## Exercise aim
Look below for the line containing "Suncoo - Lorena"; from there through the line containing "Tampilan gameplay seru", both lines included, please set down each line exactly and nothing else.

## Data listing
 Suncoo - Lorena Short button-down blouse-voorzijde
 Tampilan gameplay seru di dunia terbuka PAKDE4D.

==

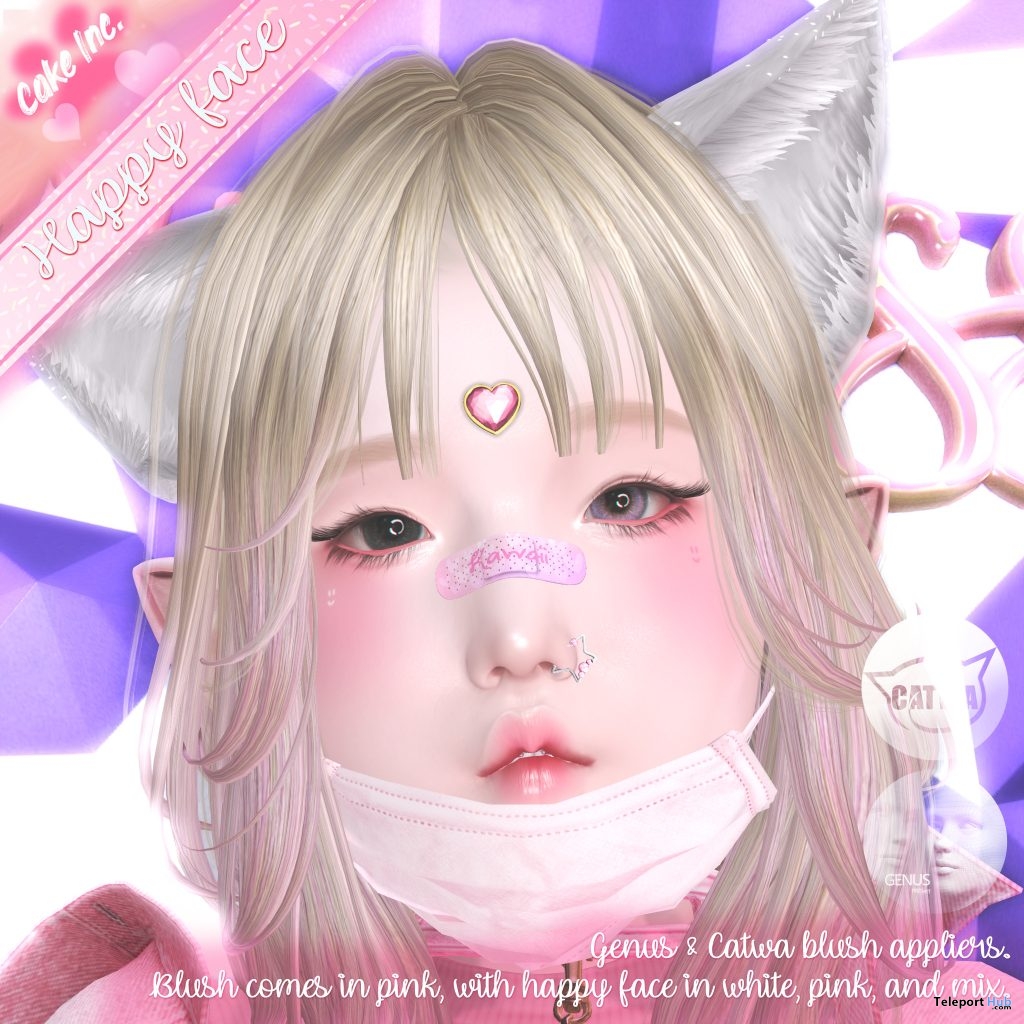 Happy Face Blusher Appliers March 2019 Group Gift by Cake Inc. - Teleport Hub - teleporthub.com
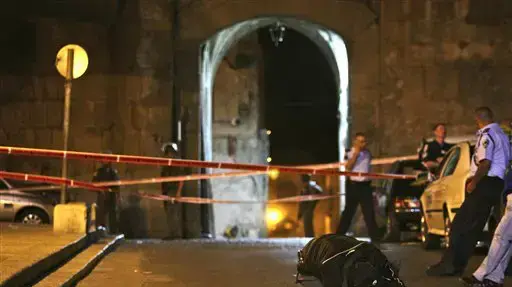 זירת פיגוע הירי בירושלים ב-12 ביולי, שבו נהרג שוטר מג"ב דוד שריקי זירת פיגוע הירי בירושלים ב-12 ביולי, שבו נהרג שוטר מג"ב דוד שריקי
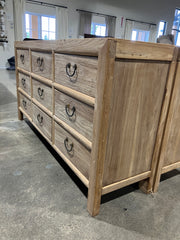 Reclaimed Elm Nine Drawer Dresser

---

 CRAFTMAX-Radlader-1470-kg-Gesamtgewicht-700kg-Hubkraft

## Solution to the exercise
 Suncoo - Lorena Short button-down blouse-voorzijde
 Tampilan gameplay seru di dunia terbuka PAKDE4D.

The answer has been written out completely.